(Stored entries)

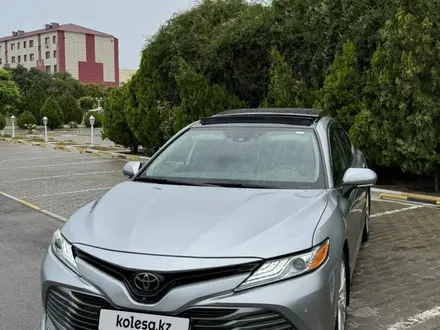 Toyota Camry 2020 года за 14 000 000 тг. в Актау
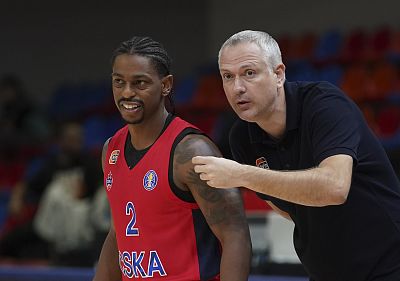 Каспер Уэйр и Эмил Райкович (фото: Т. Макеева, cskabasket.com)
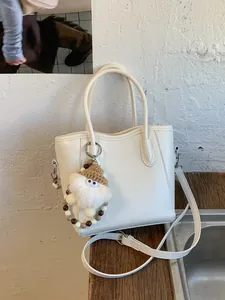 Sac à Main Élégant en Cuir PU à Bord Festonné pour Femmes Sac Seau Polyvalent Avec Joli Pendentif Elfe en Peluche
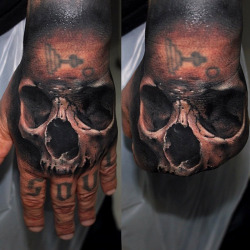 areyourparents:  thievinggenius:  Tattoo done by Riccardo Cassese.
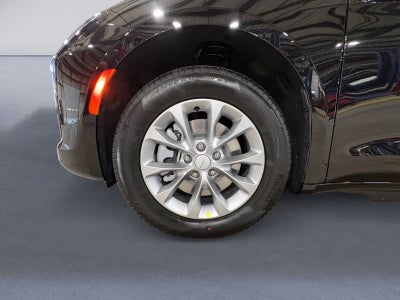 2027 Chrysler Pacifica PACIFICA SELECT AWD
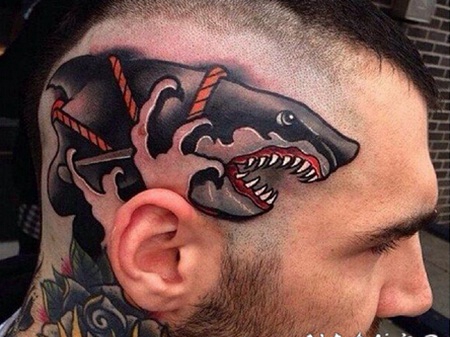 凶猛野兽脸部纹身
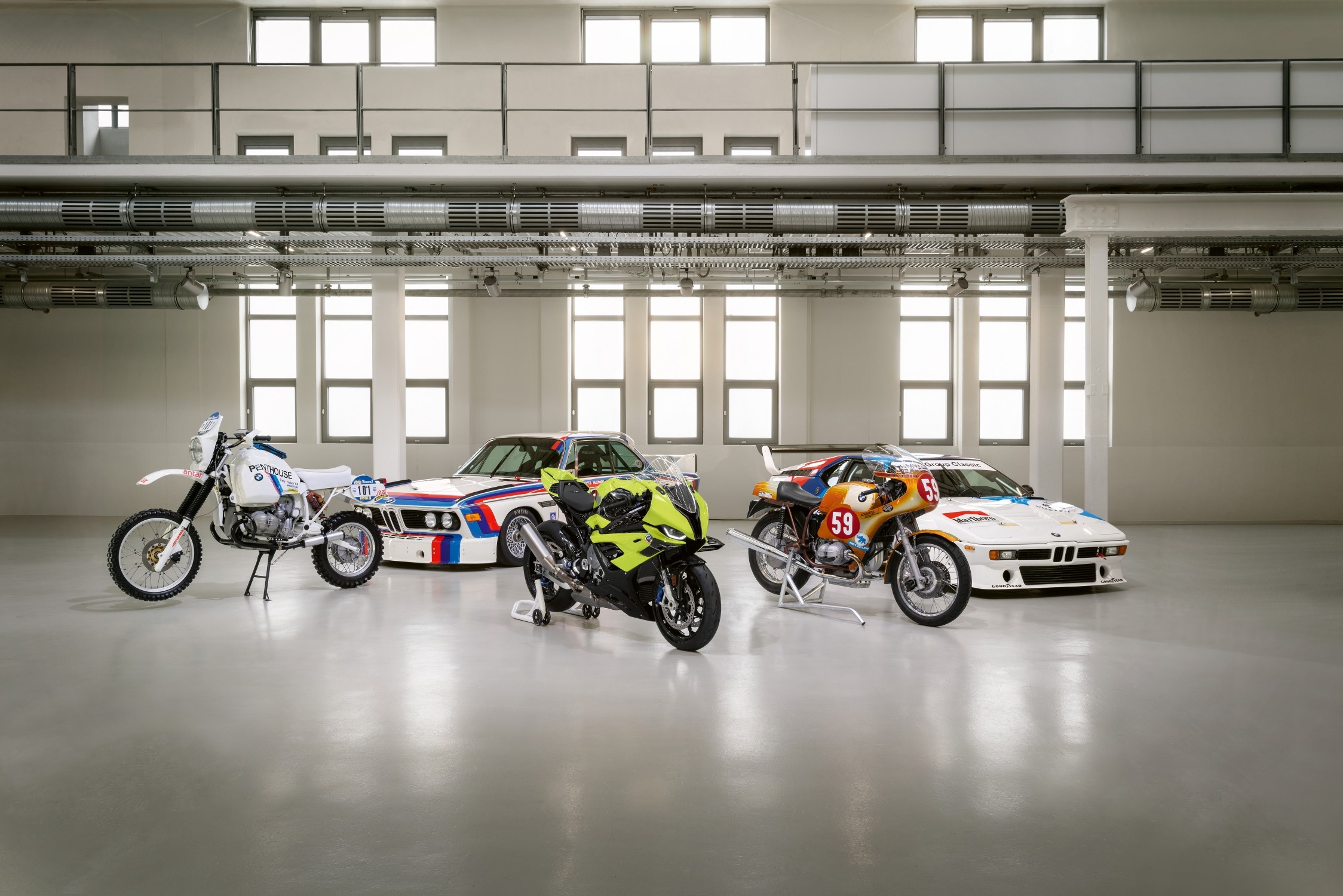 BMW Motorrad presenta laBMW M 1000 RR como el modelo de aniversario M RR 50 Years M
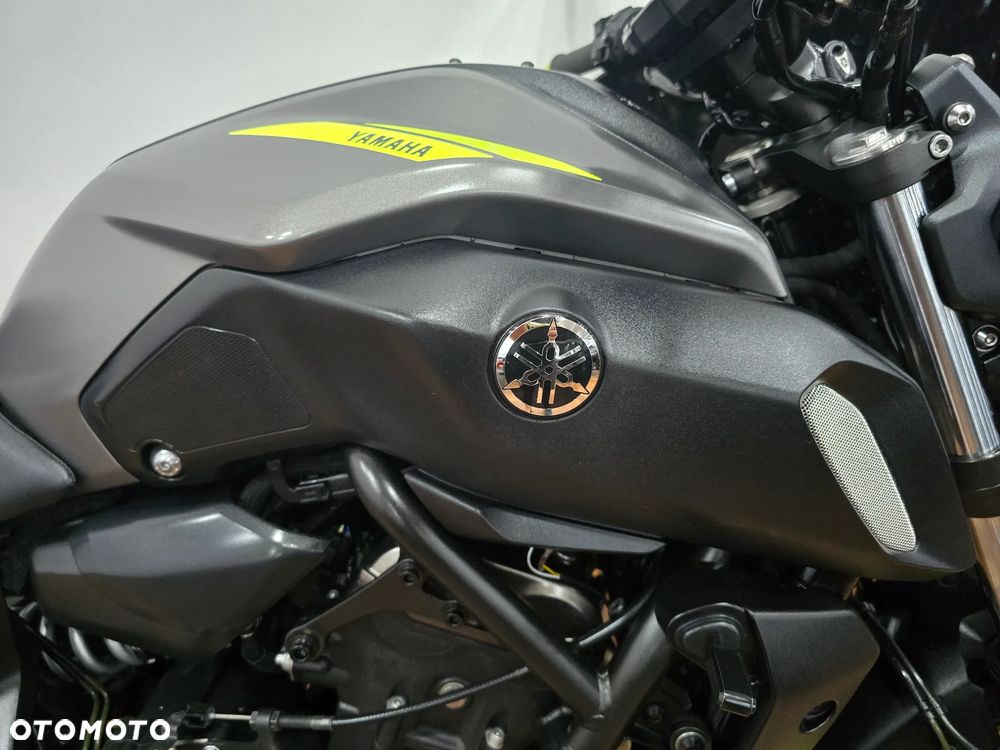 Yamaha MT - 22
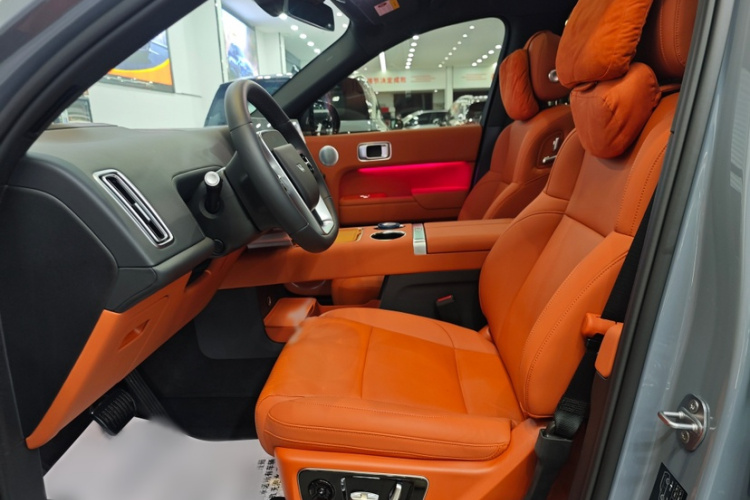 理想汽车 理想L8 2025款 Max 智能焕新版中控内饰7002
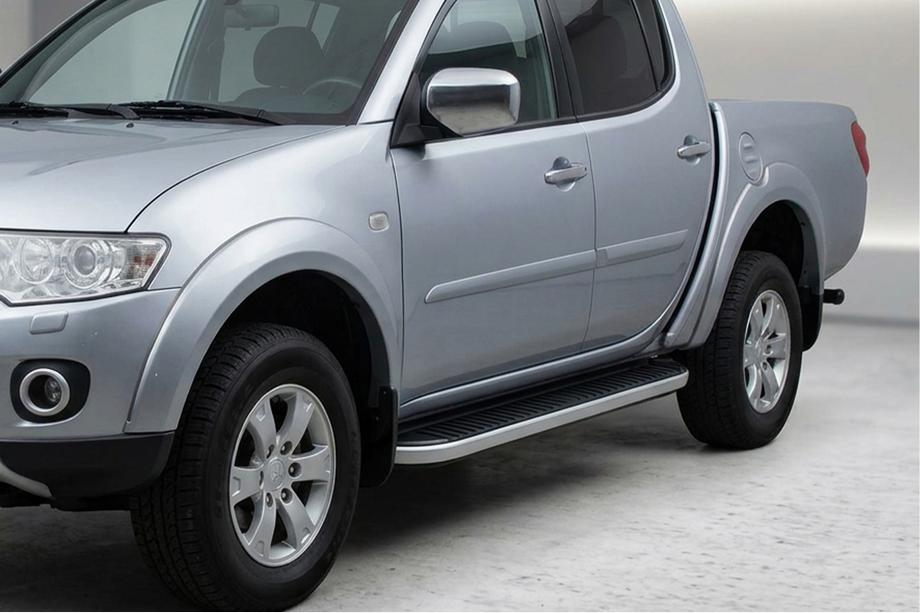 Mitsubishi L200 2015-2024 Seitenschweller Tayga Grey (2 Stk., Aluminium) Image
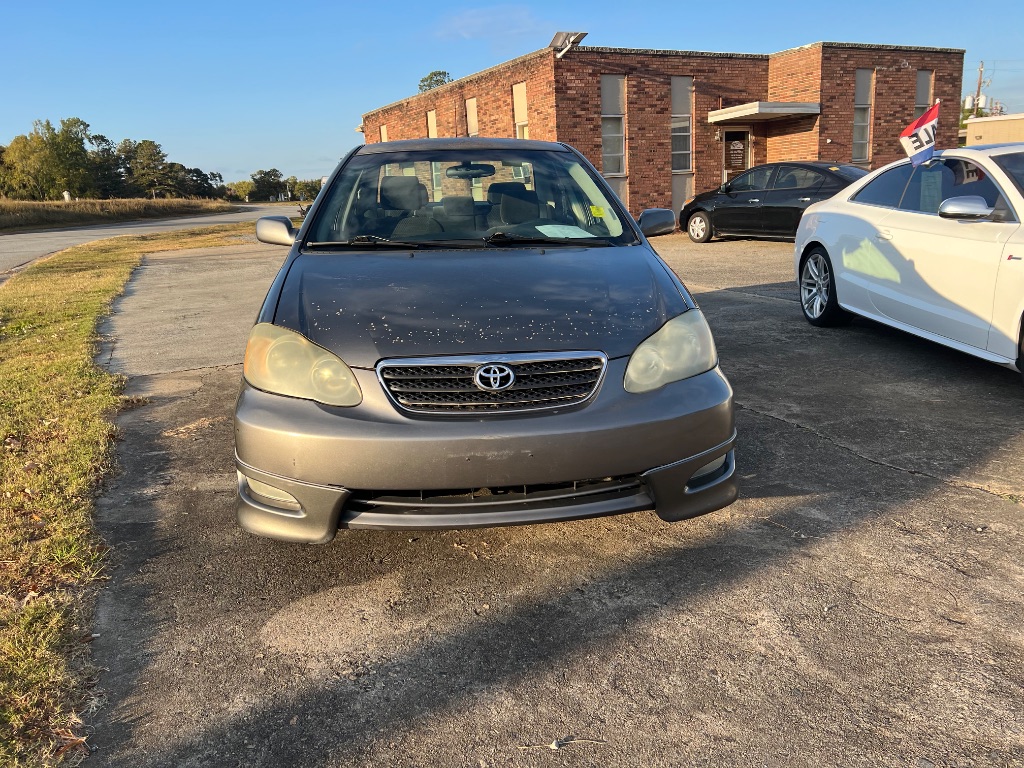 2005 Toyota Corolla - $3,800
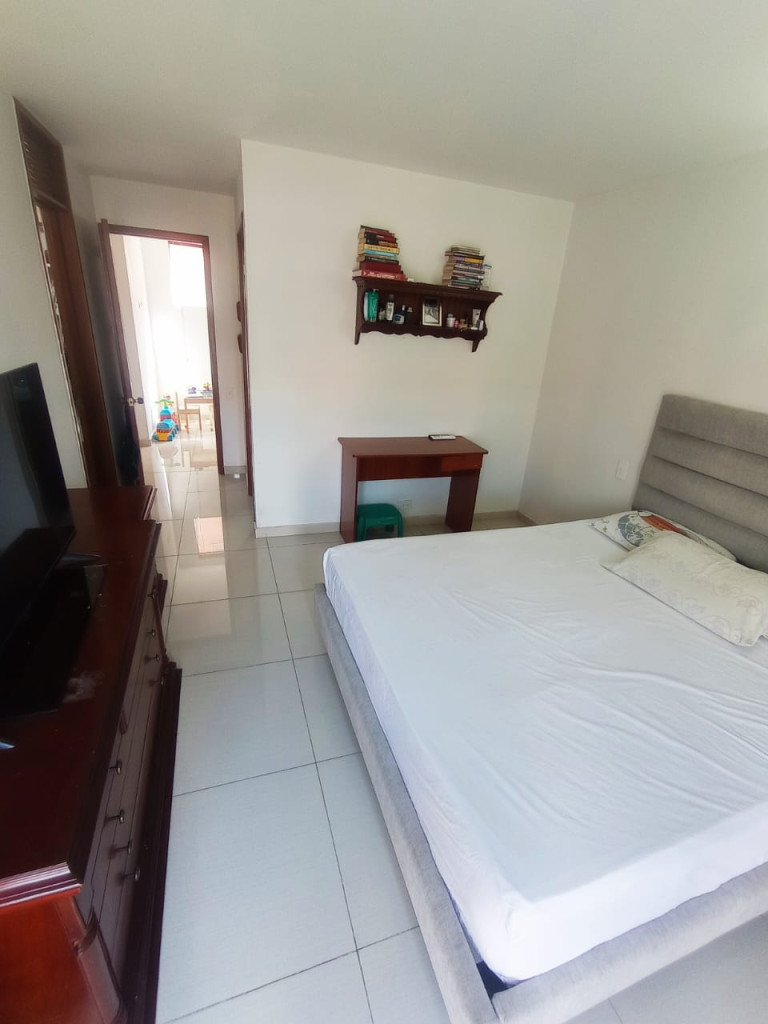 Apartamento En Venta - Ciudad Jardín, Cali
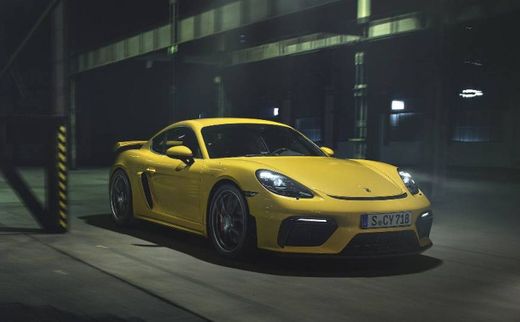 Porsche 718 Cayman GT4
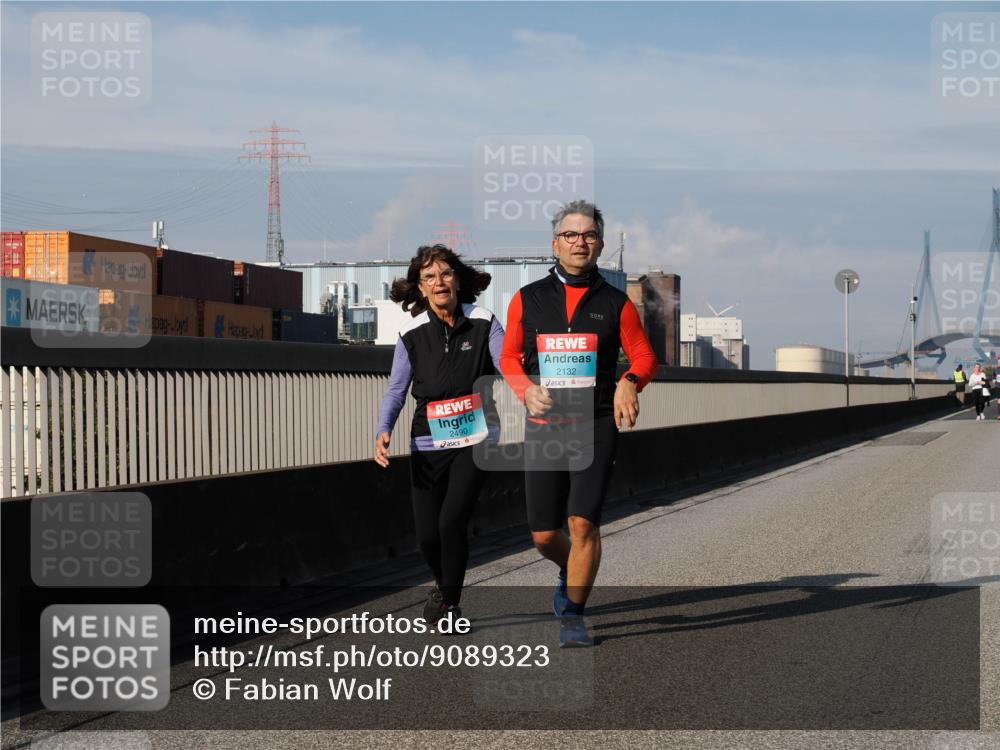 03.10.2025 - Köhlbrandbrückenlauf Fabian Wolf http://msf.ph/oto/9089323 03.10.2025 10:24:47 Position 3 2490, 2132 meine-sportfotos.de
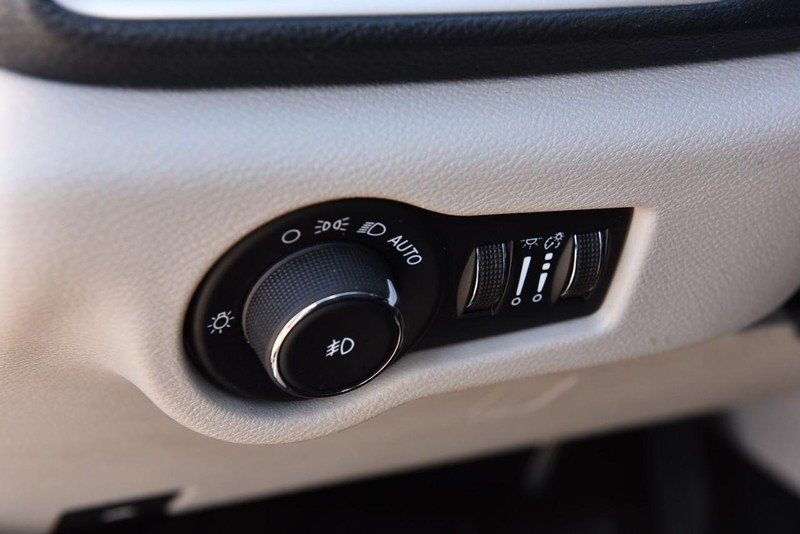 Chrysler Pacifica Vehicle Full-screen Gallery Image 13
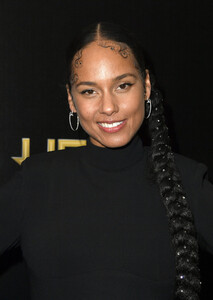Alicia+Keys+23rd+Annual+Hollywood+Film+Awards+CBkXzPG9Evsx.jpg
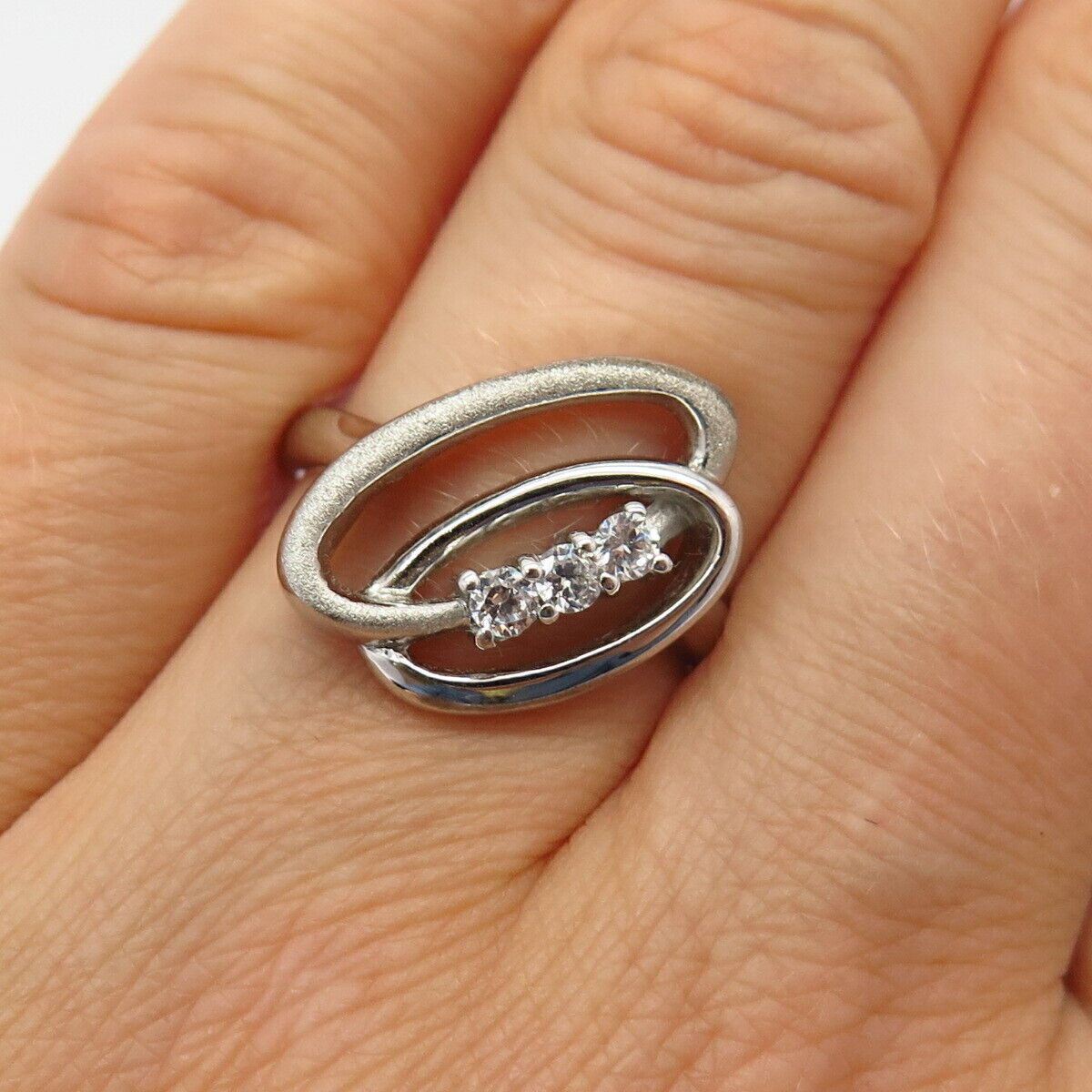 925 Sterling Silver C Z Swirl Design Ring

EXERCISE PROMPT: In repeating the lines above, keep the wording exact and leave every picture out.

EXERCISE OUTPUT:
 Toyota Camry 2020 года за 14 000 000 тг. в Актау
 Каспер Уэйр и Эмил Райкович (фото: Т. Макеева, cskabasket.com)
 Sac à Main Élégant en Cuir PU à Bord Festonné pour Femmes Sac Seau Polyvalent Avec Joli Pendentif Elfe en Peluche
 areyourparents:  thievinggenius:  Tattoo done by Riccardo Cassese.
 2027 Chrysler Pacifica PACIFICA SELECT AWD
 凶猛野兽脸部纹身
 BMW Motorrad presenta laBMW M 1000 RR como el modelo de aniversario M RR 50 Years M
 Yamaha MT - 22
 理想汽车 理想L8 2025款 Max 智能焕新版中控内饰7002
 Mitsubishi L200 2015-2024 Seitenschweller Tayga Grey (2 Stk., Aluminium) Image
 2005 Toyota Corolla - $3,800
 Apartamento En Venta - Ciudad Jardín, Cali
 Porsche 718 Cayman GT4
 03.10.2025 - Köhlbrandbrückenlauf Fabian Wolf http://msf.ph/oto/9089323 03.10.2025 10:24:47 Position 3 2490, 2132 meine-sportfotos.de
 Chrysler Pacifica Vehicle Full-screen Gallery Image 13
Alicia+Keys+23rd+Annual+Hollywood+Film+Awards+CBkXzPG9Evsx.jpg
 925 Sterling Silver C Z Swirl Design Ring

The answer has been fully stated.